--- Brief ---
Please print out the entries below unchanged and skip the images.

--- The data ---
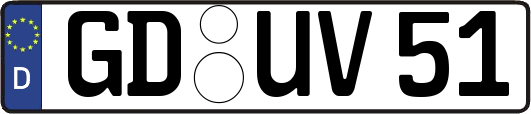 GD-UV51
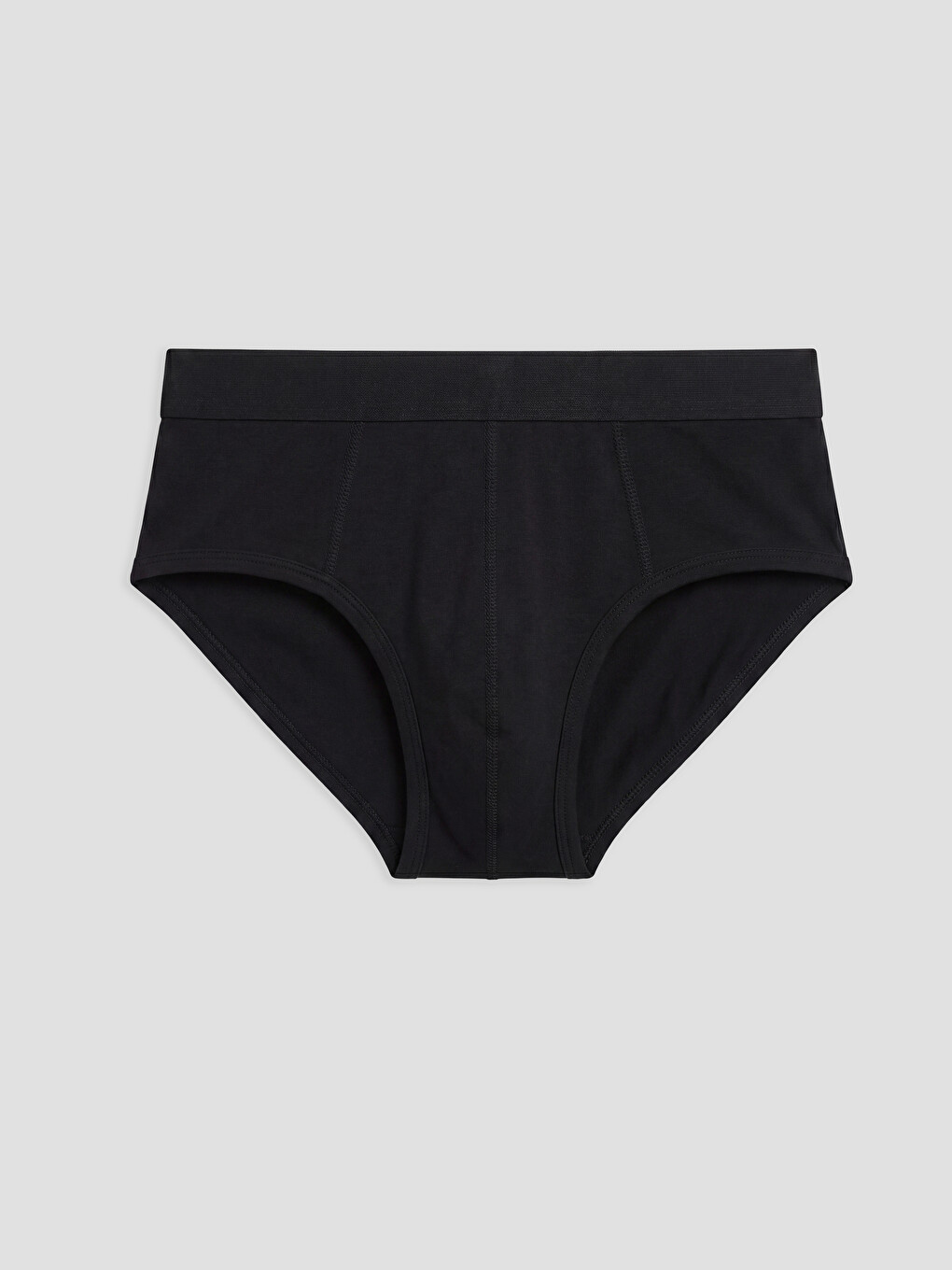 Regular Fit Cotton Men's Slip Briefs 3-pack-3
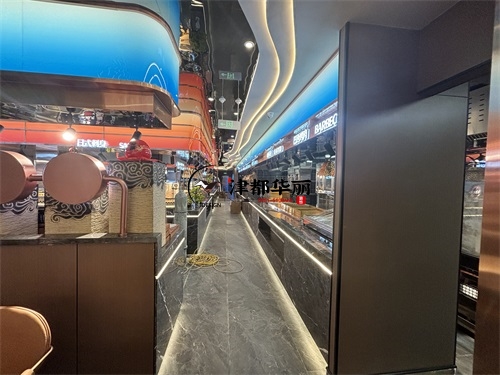 銀川自助餐廳裝修設計項目|津都華麗設計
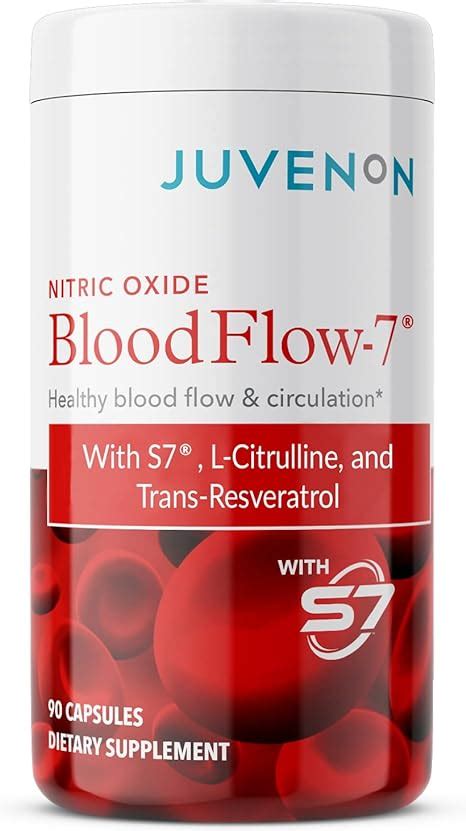 Nitric Oxide Blood Flow Nitric Oxide Supplement With L Arginine And L Citrulline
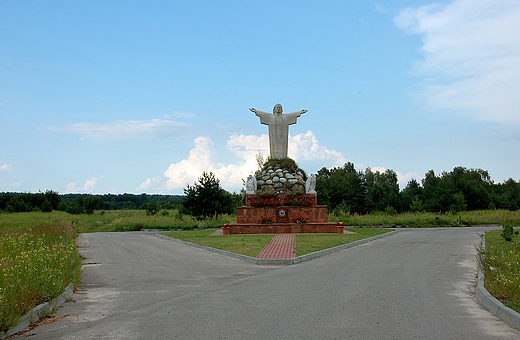 Ulanw - pomnik Chrystusa Krla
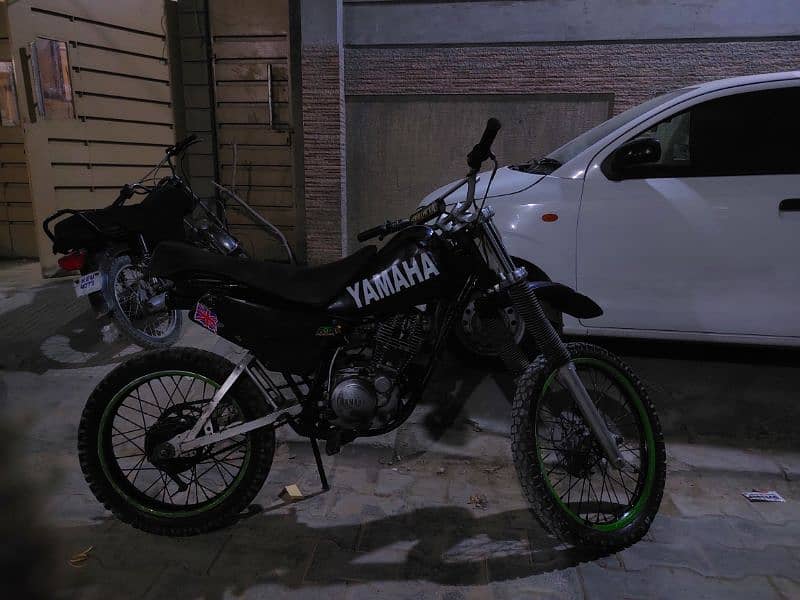 YAMAHA DT TRAIL 175-KHI REG 9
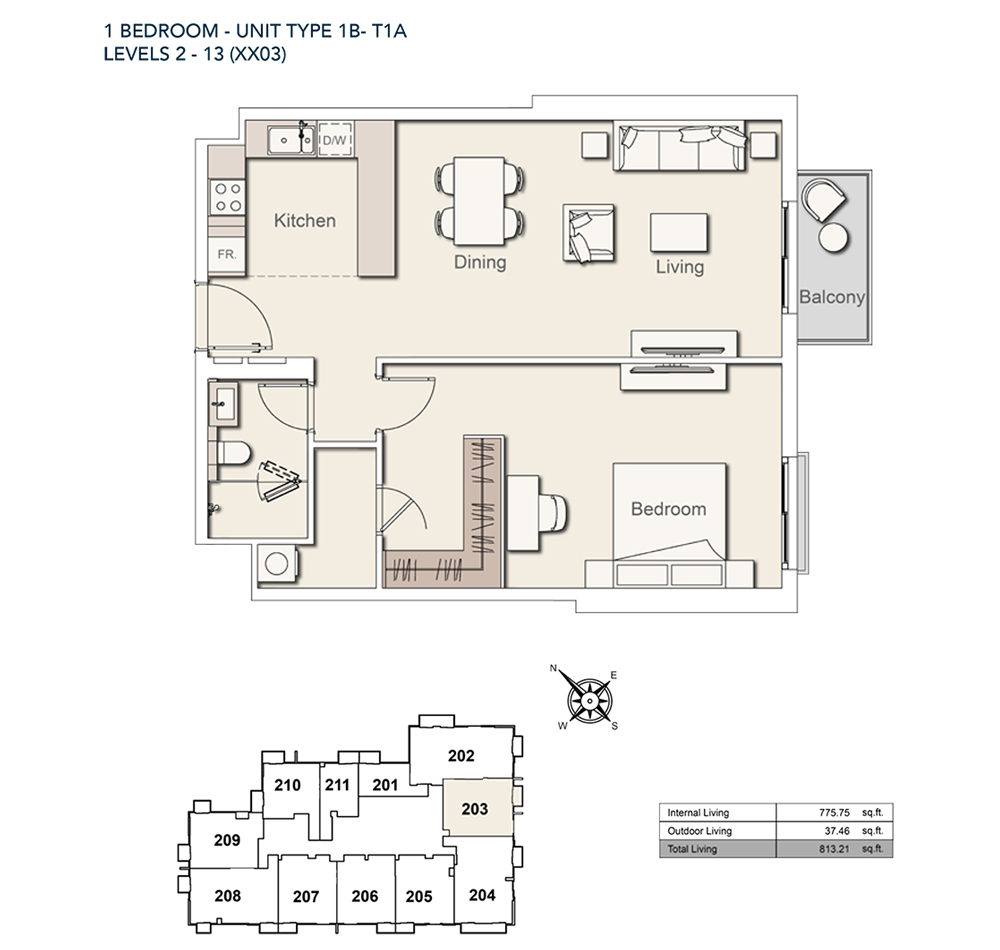 1 Bedroom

--- Response to the task ---
 GD-UV51
 Regular Fit Cotton Men's Slip Briefs 3-pack-3
 銀川自助餐廳裝修設計項目|津都華麗設計
 Nitric Oxide Blood Flow Nitric Oxide Supplement With L Arginine And L Citrulline
 Ulanw - pomnik Chrystusa Krla
 YAMAHA DT TRAIL 175-KHI REG 9
 1 Bedroom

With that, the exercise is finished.